Download sift from the download section of official sift site, unzip it and move it to any location pointed by PATH environment variable.
# wget https://sift-tool.org/downloads/sift/sift_0.9.0_linux_386.tar.gz
# tar xf sift_0.9.0_linux_386.tar.gz
# cd sift_0.9.0_linux_386
# mv sift /usr/local/bin
# which sift
For sift usage check the documentation of sift-tool.org
5) pt - The platinum searcher
Another source code search utility similar to ack and ag is Platinum Searcher (pt), that is a written in Go programming language. It is claimed to be 3 to 5 times faster than ack. Pt is safer as it is written in memory safe language and uses Go’s standard regexp package, enabling it to avoid exponential time matching. Platinum Searcher can search not only in files encoded with UTF-8, but also EUC-JP and Shift_JIS, making it very useful for Japanese programmers.
Installing and using pt
The Platinum Searcher binaries are available for Windows, Mac OS X, Linux (including ARM) from its Github releases page. Download the binary and move it to a location pointed by $PATH and start searching.
# wget https://github.com/monochromegane/the_platinum_searcher/releases/download/v2.1.5/pt_linux_386.tar.gz
# tar xf pt_linux_386.tar.gz
# cd pt_linux_386/
# mv pt /usr/local/bin
# which pt
To search for a pattern in the current directory and all of its sub directories, simply type:
# pt PATTERN
pt [OPTIONS] PATTERN [PATH]
--color Print color codes in results (Enabled by default)
--nocolor Don't print color codes in results (Disabled by default)
--nogroup Don't print file name at header (Disabled by default)
-l, --files-with-matches Only print filenames that contain matches
--vcs-ignore= VCS ignore files (.gitignore, .hgignore, .ptignore)
--noptignore Don't use default ($Home/.ptignore) file for ignore patterns
--noglobal-gitignore Don't use git's global gitignore file for ignore patterns
-U, --skip-vsc-ignores Don't use VCS ignore file for ignore patterns.
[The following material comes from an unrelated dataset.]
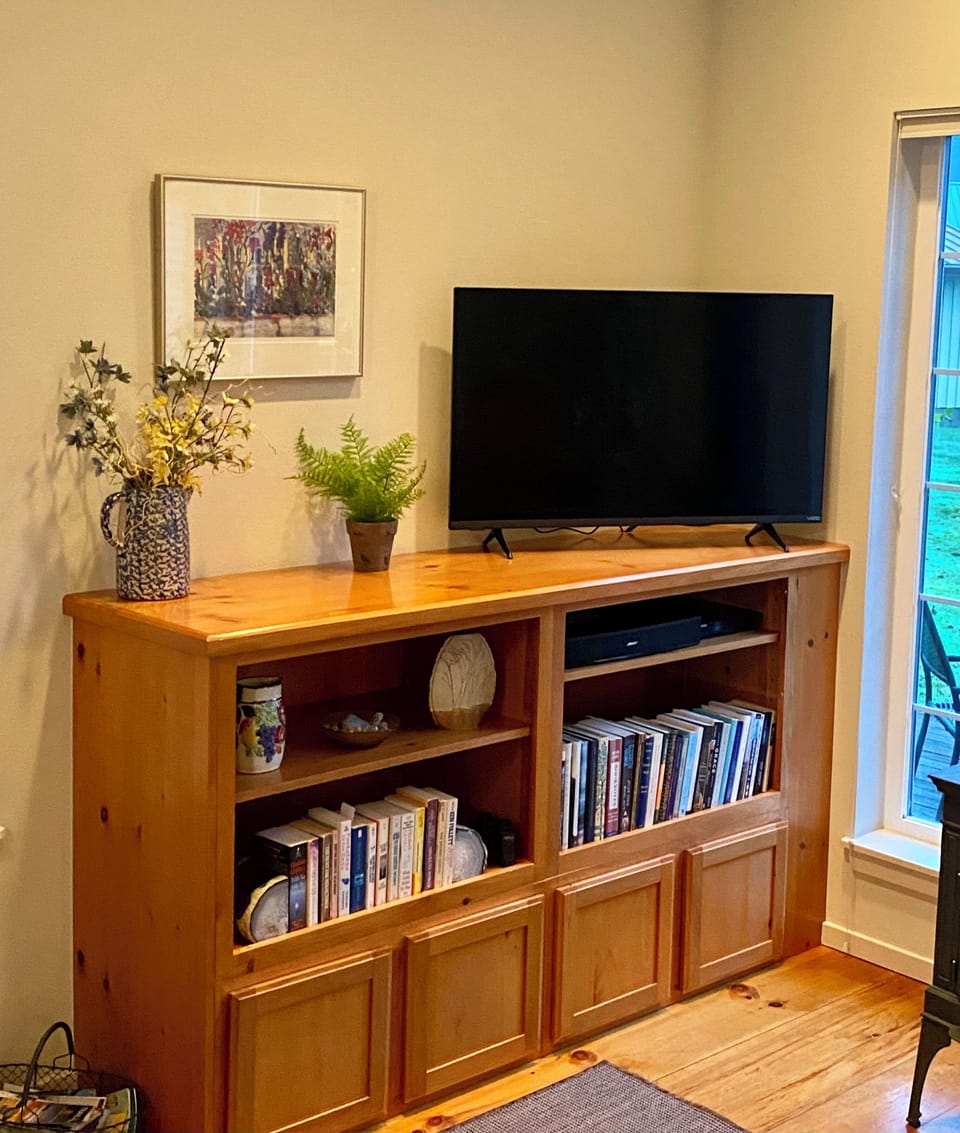 New 47” Smart TV plus plenty of books available for all your reading pleasures!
Still obey .ptignore
--ignore= Ignore files/directories matching pattern
-i, --ignore-case Match case insensitively
-S, --smart-case Match case insensitively unless PATTERN contains uppercase characters
-g= Print filenames matching PATTERN
-G, --file-search-regexp= PATTERN Limit search to filenames matching PATTERN
--depth= Search up to NUM directories deep (Default: 25)
-f, --follow Follow symlinks
-A, --after= Print lines after match
-B, --before= Print lines before match
-C, --context= Print lines before and after match
-o, --output-encode= Specify output encoding (none, jis, sjis, euc)
-e Parse PATTERN as a regular expression (Disabled by default)
-w, --word-regexp Only match whole words
--stats Print stats about files scanned, time taken, etc
--version Show version
6) Git grep
Git grep search for a regular expression in a Git repository. In a way, it's just a combination of find / grep combo, but very concise and fast. Git grep is a great tool for finding all uses and references to a symbol in a git repository. There is no separate installation for git grep as it installed alongside, when you install git.
For usage of git grep, check git-grep manual page
There are few others search utilities available like zgrep, agrep, xmlgrep, pdfgrep etc. Among all the search tools that we have discussed above ripgrep is faster and is cross platform whereas silver searcher (ag) is better than Ack. Grep is written in C but does not ignore files while searching while Ack is written in perl and is very good at ignoring files.